Legalizing euthanasia and/or assisted suicide is always wrong, because it directly and intentionally threatens the lives of the most vulnerable members of society. The lives of people with disabilities and chronic conditions, people who live with depression and mental illness and others are directly threatened by euthanasia and assisted suicide. Society cannot legislate autonomy and choice in relation to acts that intentionally and directly cause death. No level of safeguard will ever protect vulnerable people from the subtle pressure to “choose” death.

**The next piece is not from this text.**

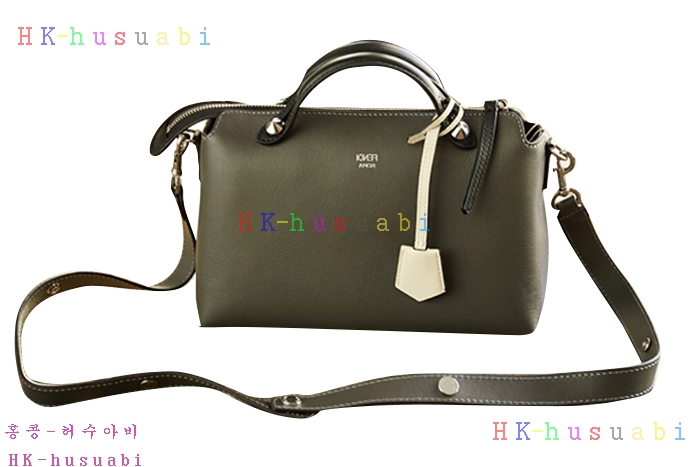 �ڹ̷��ޡ�  ��� ���̴����� ��Ʈ�� F 8BL12480LF09QX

It also establishes euthanasia and assisted suicide as treatment options for problems that are properly solved by effective and compassionate medical care.
Canadians must reject Bill C-562. Canadians must promote the right of every Canadian to excellent end-of-life care and to guarantee that every Canadian is treated with respect and dignity until his or her natural death.
Alex Schadenberg is the executive director of the Euthanasia Prevention Coalition. A version of this article first appeared on his blog, alexschadenberg.blogspot.com, on June 20.
Summary of Bill C-562
- The bill legalizes euthanasia and assisted suicide in Canada.
- The bill does not restrict euthanasia and assisted suicide to citizens of Canada.
- The person must be at least 18 years old.
- A person may refuse appropriate treatments and still obtain euthanasia or assisted suicide.
- The person may be experiencing either physical or mental pain. The bill effectively permits death as a treatment for depression or other chronic mental conditions.
- The bill does not define terminal illness and is not limited to people who are terminally ill.
- The bill measures competency based on appearing to be lucid. What does that mean?
- The bill allows incompetent people to die by euthanasia if they have made the request within a valid advanced directive. It is not clear whether medical practitioners are the only ones who can carry out euthanasia on incompetent people.
- The definition of a medical practitioner is not limited to a physician.